Recall, $\Sigma$ diagonal values are the strength of the concepts in the concept space. So, if we set the lowest of them to 0 we wouldn’t lose much, right? We would give up the least important of the concepts, which is not a big deal. We can actually quantify how “big” the deal is, multiplying back $U \in m \times n-1$ by $\Sigma \in n-1 \times n-1$ by $V^T \in n-1 \times n$ and check the Frobenius norm of the difference between $M$ and the reconstructed matrix. We would see that the error is very small. It is actually the smallest possible error. SVD by definition minimizes the Frobenius norm of the difference between $M$ and $\widehat{M}$ (reconstructed) under the constraint $rank(\widehat{M}) = r$ , if we use the $r$ largest diagonal values of $\Sigma$ to build $\widehat{M}$ .

Bottom line, if we apply the above procedure we would shrink the $m \times n$ data set to $m \times n-1$ and then to $m \times n-2$ and so forth. Till when?

A rule of thumb is to keep 80-90% of the energy of $\Sigma$ , where the energy is equal to $\sum \sigma_i^2$ ( $\sigma_i$ being the diagonal elements of $\Sigma$ ).

Side note on eigen-decomposition and SVD of a symmetric matrix

You may stumble upon a third way of performing dimensionality reduction. The result would be identical to the two first processes explained above, but it can be pretty mind blowing if you don’t stop and think abut it.

The key to this approach is that if $M$ is symmetric then $M = U \Sigma V^T = W \Lambda W^T$ . So basically, the SVD of a symmetric matrix coincides with it eigen-decomposition (StackExchange to the rescue). This is interesting as, guess what, the covariance of a matrix $M$ , $M ^TM$ is actually symmetric. This means $U = V = W$ , so the eigenvectors of $M^T M$ can also be calculated applying SVD to it and then picking either $U$ or $V$ .

Nothing beats StackExchange!

I really did my best to summarize the above concepts, but it would be almost impossible to beat the elegance and transparency of the following posts on StackExchange. Take the time to go over them as they just make everything so cristal clear!

How to explain PCA to your family
We say that PCA minimizes the reconstruction error and maximises the variance of the data along principal components. Why?
The first principal direction is given by the covariance eigenvector with the largest eigenvalue. Why?
Can you elaborate on the mathematical proof between eigen decomposition and SVD?
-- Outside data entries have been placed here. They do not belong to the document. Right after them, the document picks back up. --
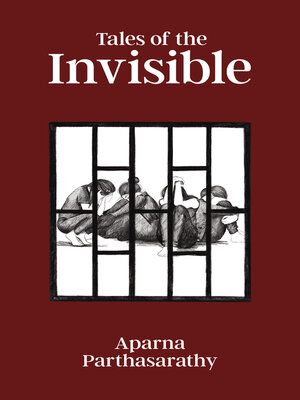 cover image of Tales of the Invisible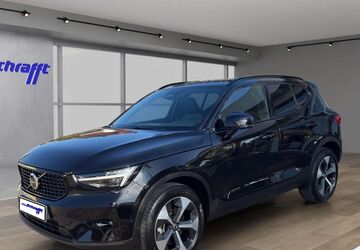 Volvo XC40 17.330 km 40.999 &euro; Wurmberg 75449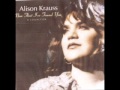 Alison Krauss ~ Teardrops Will Kiss The Morning Dew - john sandiford Alison Krauss ~ Teardrops Will Kiss The Morning Dew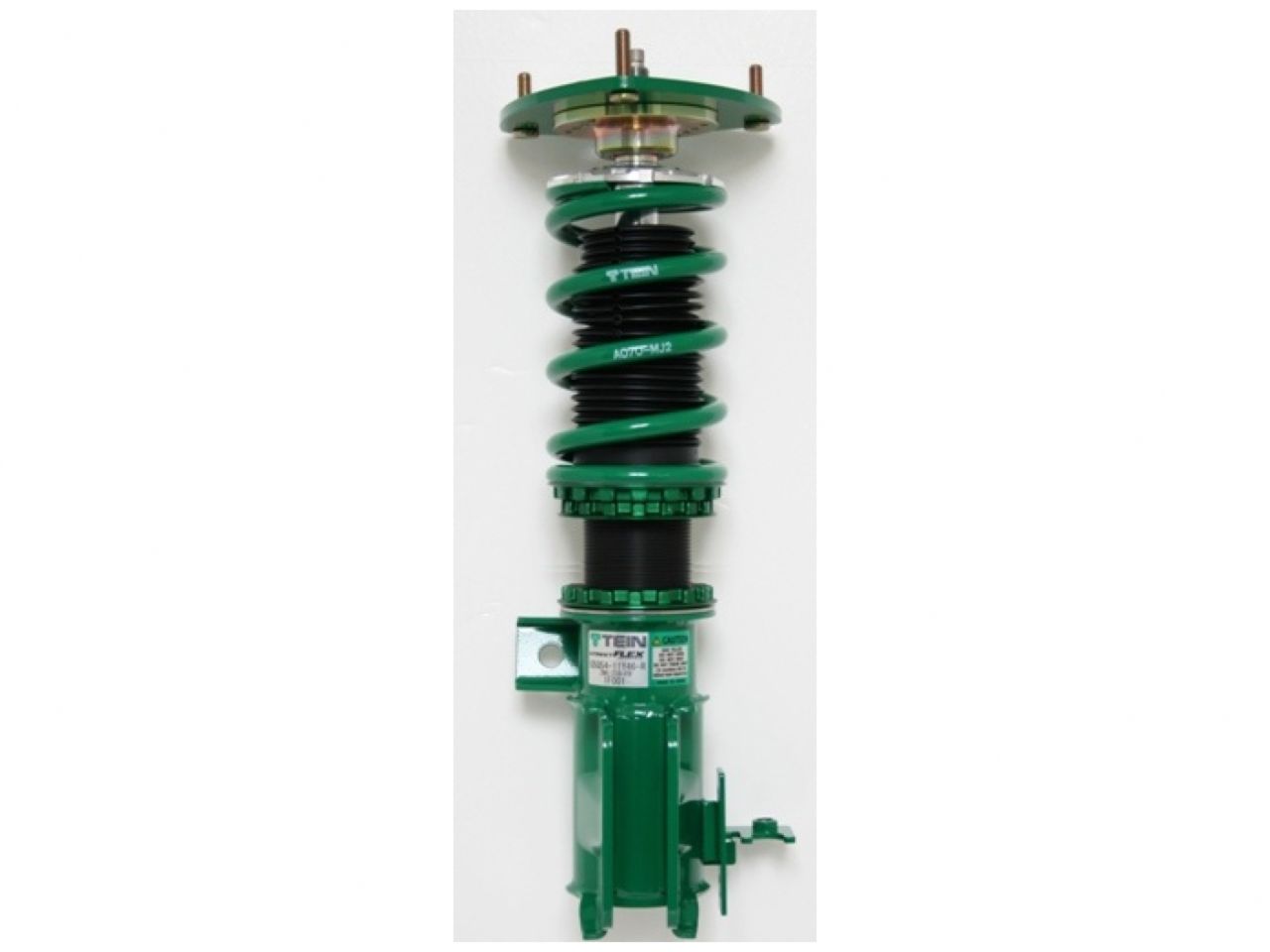 Tein Flex Z Coilovers for 00-06 Toyota Celica (ZZT231L)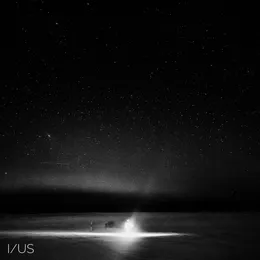 Can You Hear Me? (single) von IUS – Cover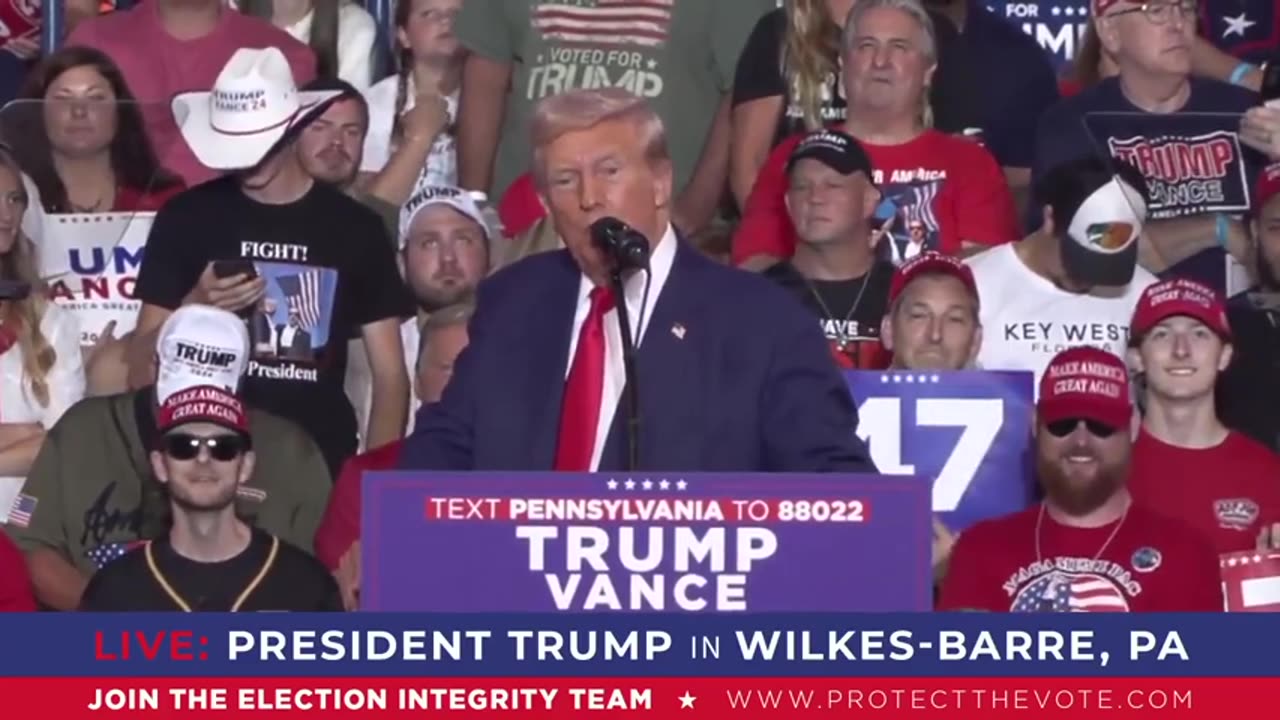 In her speech yesterday, Kamala went full communist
Bridging Dimensionality Reduction to Recommender Systems

I have to acknowledge that everything we have discussed so far can seem pretty abstract. To bring us back from theory to practice, unexpectedly, Recommender Systems (RS) come to the rescue, proving how close they are to Dimensionality Reduction. If SVD sounded a bit esoteric to you, let’s see how the concept space makes much more sense when applied to a utility matrix users $\times$ movies.

Let’s do it and check out the below example (taken from the Mining Massive Data Sets Stanford course material). Here we have 6 users rating 5 movies. It turns out that, out of these, the first 3 are SciFi whilst the other 2 can be classified as Romance. Now, as you can see, the $U$ matrix maps users to the genres concept space, suggesting that the first 4 users really like SciFi. On the contrary $V^T$ maps movies to genres, highlighting that the first 3 movies have a strong SciFi component, whereas the last 2 tend to Romance. What about the third column in $U$ and the third row in $V^T$ ? Noise. We can confidently state that, as the third diagonal element in $\Sigma$ is negligible compared to the other 2, telling us that the “strength” of the this component is very low. (more details on this example here [@min 7:47] and here to dig further into how to leverage the concept space in case we need to “query” our data set to make predictions, i.e. “will a new user like Matrix?”).

It is interesting to see how naturally SVD offers a nice and clean interpretation of a Recommendation-Engines-related problem. What we’ll do next is actually going down this road a lot more in detail trying bridging DR and RS even further.

First of all, we’ll briefly introduce RS, walking through the various available frameworks in order of complexity. Respectively Content Based (CB), Collaborative Filtering (CF) and the modern industry approaches combining CB, CF and Machine Learning in new algorithms known as either Low Rank Matrix Factorization Systems (wasn’t SVD factorizing a matrix too?) or Latent Factor Recommender Systems.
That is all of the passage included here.